On admet généralement que le repliement d'une protéine sur elle-même doit se conserver d'une espèce à l'autre, car il y a une correspondance étroite entre structure et fonction. On s'attend à ce que les protéines qui ont la même fonction au sein d'espèces très différentes – c'est généralement le cas avec les protéines orthologues – se replient de la même manière.

Par contre, la séquence d'acides aminés qui forment les chaînes de protéines orthologues varie considérablement d'une espèce à l'autre. Parfois ces séquences ne sont identiques que dans une proportion de 25 à 30%, alors que leur repliement est étonnamment similaire, ce qui atteste de la résistance de cette fonction au changement évolutionnaire.

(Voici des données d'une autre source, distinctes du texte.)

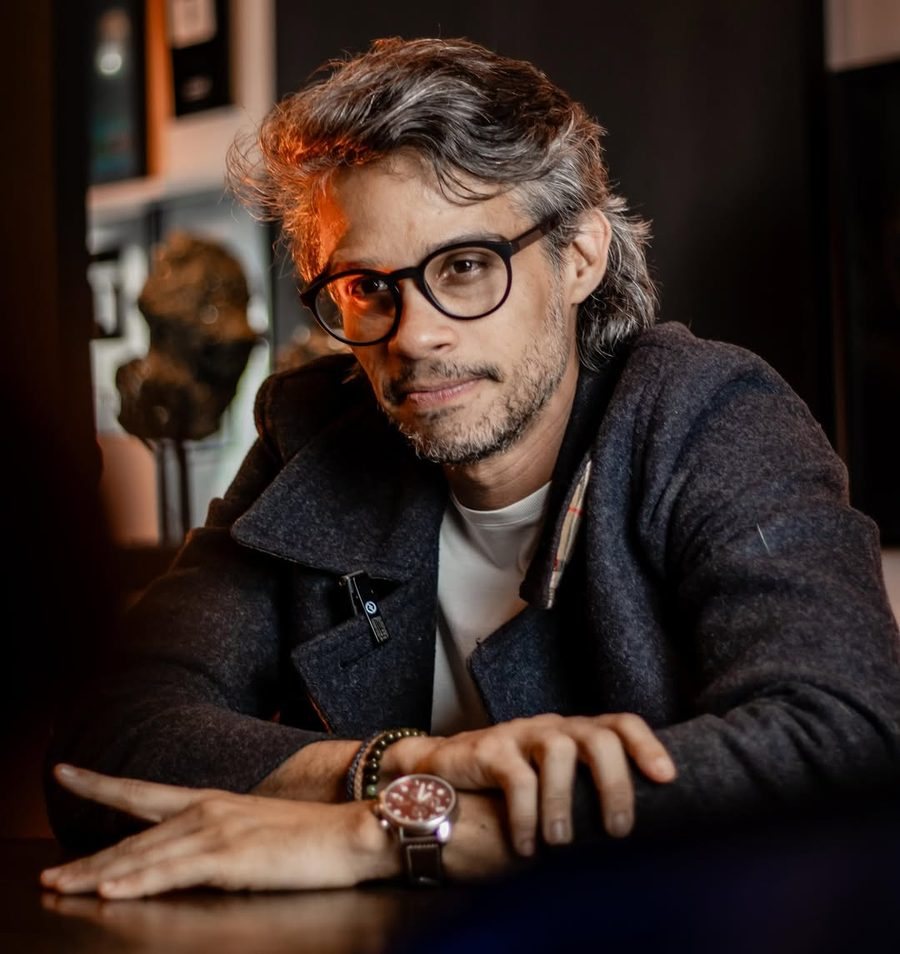 Marcos Strider de óculos, sentado à mesa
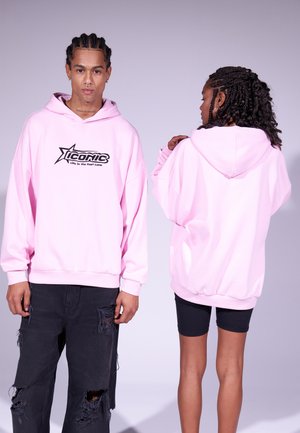 Hellrosa Oversized-Hoodie mit schwarzem Logo, ausgestattet mit einer Kordelzugkapuze und gerippten Bündchen, kombiniert mit stark verwaschenen schwarzen Jeans und Shorts.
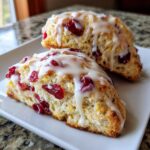 Close-up of two flaky cranberry orange scones topped with a thick white glaze, studded with dried cranberries.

La conservation du repliement protéique à travers les espèces rend l'origine de notre complexité d'autant plus surprenante, car le nombre de gènes humains est réduit, à peine un ordre de grandeur supérieur à celui du riz par exemple, ce qui est trompeur. Si la structure des protéines se conserve à travers les espèces, d'où vient notre complexité ? Ou plus précisément, en quoi sommes-nous plus complexes que les autres espèces ?

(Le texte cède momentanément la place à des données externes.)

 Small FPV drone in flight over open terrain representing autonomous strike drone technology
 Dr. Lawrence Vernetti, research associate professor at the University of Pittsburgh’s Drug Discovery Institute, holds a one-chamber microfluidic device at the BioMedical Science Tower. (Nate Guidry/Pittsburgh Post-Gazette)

Nous avons récemment découvert de subtiles variations structurelles parmi des protéines orthologues d'espèces qui ont divergé il y a des millions d'années. C'est quelque chose de plus ténu que la topologie globale qui différencie leurs structures. Certaines semblent moins "compactes" que d'autres, moins bien repliées sur elles-mêmes, avec des régions de surface permettant à l'eau qui les entoure de pénétrer et d'altérer leur structure en interagissant avec leur squelette. Les portions de protéines qui présentent cette vulnérabilité structurelle sont appelées déhydrons.

Parmi les protéines orthologues, ce sont celles des espèces qui ont la plus faible population qui sont le plus dégradées ou riches en déhydrons – autrement dit, plus les protéines d'une espèce sont riches en déhydrons, plus leur population est restreinte et plus complexe est leur organisme, ainsi que la complexité de leur reproduction. Ainsi la population humaine (et plus généralement celle des mammifères) est significativement plus petite (par plus d'une dizaine d'ordre de grandeur) que celle des bactéries.

Le fait que la dégradation structurelle traduise l'exposition des espèces à la dérive génétique a des conséquences en matière d'évolution, car la sélection naturelle est moins efficace pour les populations de taille réduite. Cette dégradation est donc un indicateur de l'exposition d'une espèce à la dérive génétique (un processus aléatoire) : la probabilité d'une mutation néfaste qui dégrade la structure d'une protéine est plus grande pour l'espèce humaine que pour les bactéries qui se comptent en milliers de milliards d'individus.

Une protéine plus riche en déhydrons qu'une autre protéine orthologue est plus vulnérable à des perturbations provoquées par l'eau environnante. Précisément pour cette raison, elle a besoin de s'associer à d'autres protéines pour maintenir son intégrité structurelle. Par ailleurs les déhydrons tendent à s'agglomérer, c'est pourquoi les protéines dont la structure est altérée s'associent plus facilement que les protéines orthologues comportant moins de déhydrons. Autrement dit, les interactions protéine-protéine, une marque de la complexité, sont favorisées par la dérive génétique, la force en faveur de l'évolution derrière le processus de dégradation des protéines.

Il semble donc que la complexité ne résulte pas de la sélection naturelle, mais d'une solution à court terme pour pallier à son inefficacité. A première vue cette affirmation est contre-intuitive, mais ce paradoxe tient à notre dogmatisme, car l'on s'attend à ce que la complexité soit issue de la sélection naturelle.

Où ce stratagème de la nature nous conduit-il ? Les protéines qui accumulent le plus grand nombre de défauts structurels sont les prions, des protéines solubles tellement mal repliées qu'elles abandonnent leur structure fonctionnelle efficace pour former des agrégats anormaux qui peuvent provoquer des neuropathies dégénératives.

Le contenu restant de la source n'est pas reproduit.